Cannot PATCH complex attribute

[mokiat]

If there is a Complex attribute that has multiple sub-attributes that are required, it is not possible to modify just one of those fields with a PATCH operation.

For example, let's consider a User schema where givenName and familyName are required. Then the following queries fail:

{
  "op": "replace",
  "path": "name.givenName",
  "value": "John"
}

{
  "op": "replace",
  "path": "name",
  "value": {
    "givenName": "John"
  }
}

This is due to the following piece of code: https://github.com/elimity-com/scim/blob/7f9449eb6fe0b544af7a2e537c9bd30f9182c3ca/schema/core.go#L260-L279

The found variable is just used to check duplicates but does not handle when a field is missing. This might be correct for a PUT request, where you would expect both sub-attributes to be present, but for PATCH the specification states that it is ok to just modify one of the fields and the other should be left as is.

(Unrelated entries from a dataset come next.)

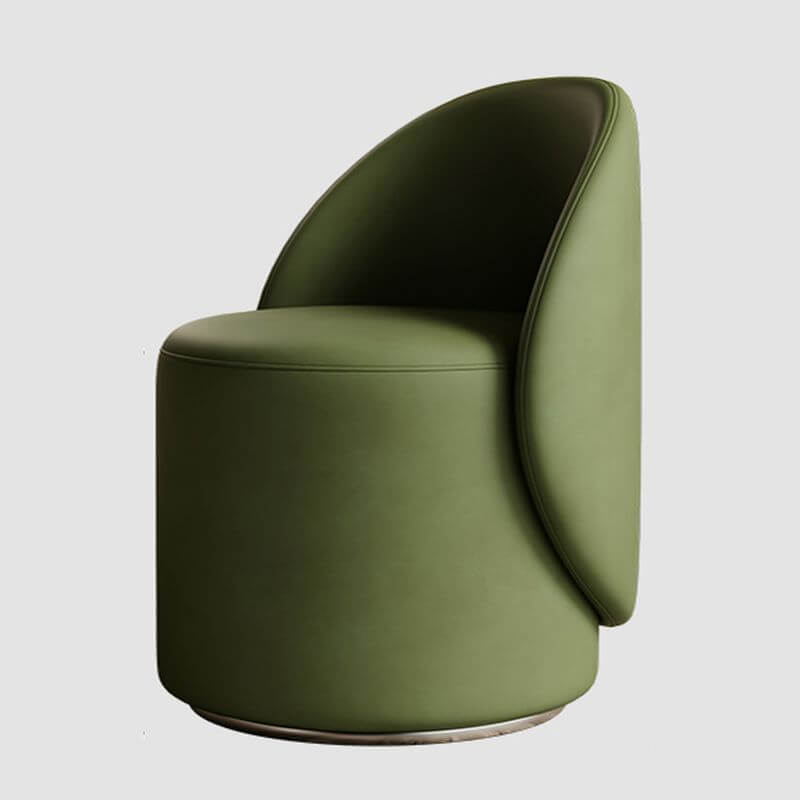 Modern wooden frame accent stool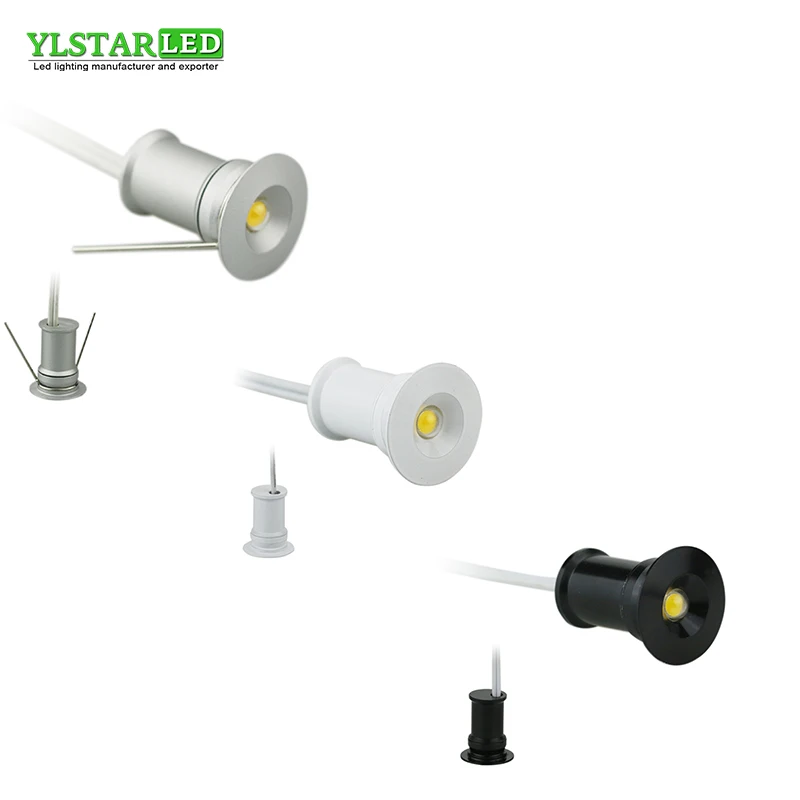 YLSTAR DC3V DC12-24V DC85-265V 1 Вт светодиодный мини-прожектор 15 мм вырез утопленное освещение домашний потолочный светильник в кухню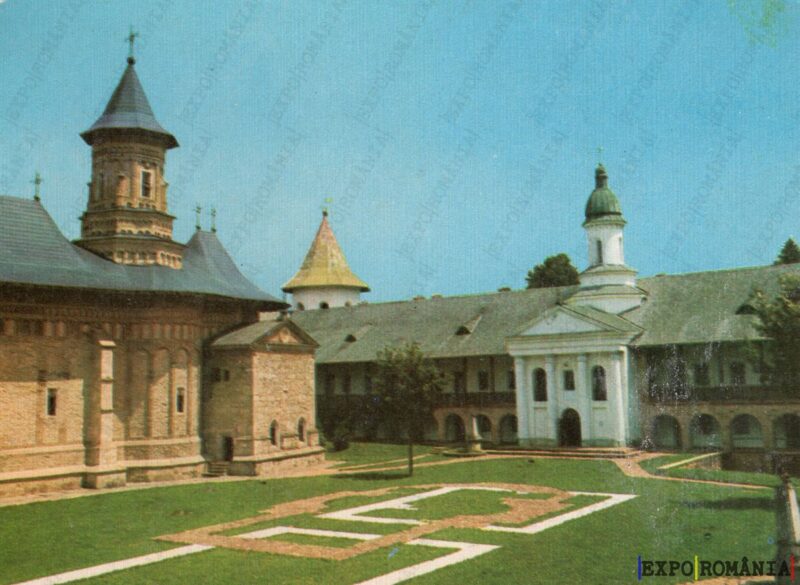 Carte poștală Manastirea Neamt - anii '70 - 01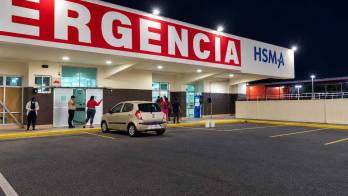 Las víctimas fueron trasladadas al Hospital San Miguel Arcángel.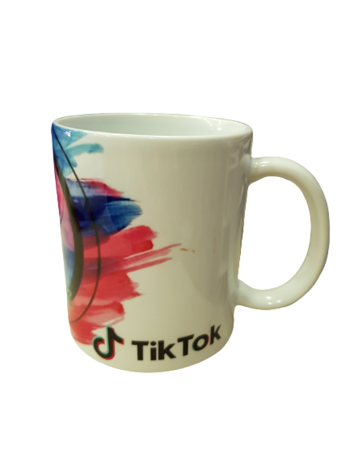 Чаша за чай Tik Tok, Тик Ток, Керамична, Многоцветна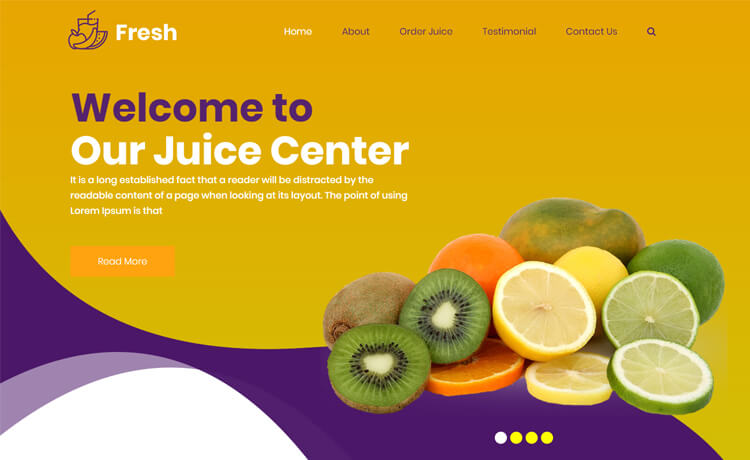 Fresh - Free Bootstrap 4 HTML5 Food Business Website Template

If the target location specifies a complex attribute, a set of sub-attributes SHALL be specified in the "value" parameter, which replaces any existing values or adds where an attribute did not previously exist. Sub-attributes that are not specified in the "value" parameter are left unchanged. https://tools.ietf.org/html/rfc7644#section-3.5.2.3

Changing the code to the following solves the problem and both operations pass the validation:

if found {
    attr, scimErr := sub.validate(hit)
    if scimErr != nil {
        return nil, scimErr
    }
    attributes[sub.name] = attr
}

However this probably breaks the validation for PUT, so likely a better approach is needed.

[jdeflander]

Thank you for another comprehensive issue description! Both patch requests you listed should be valid, indeed. Maybe we can look into this sometime next week @di-wu?

[mokiat]

Thank you for fixing this. I will give it a try these days.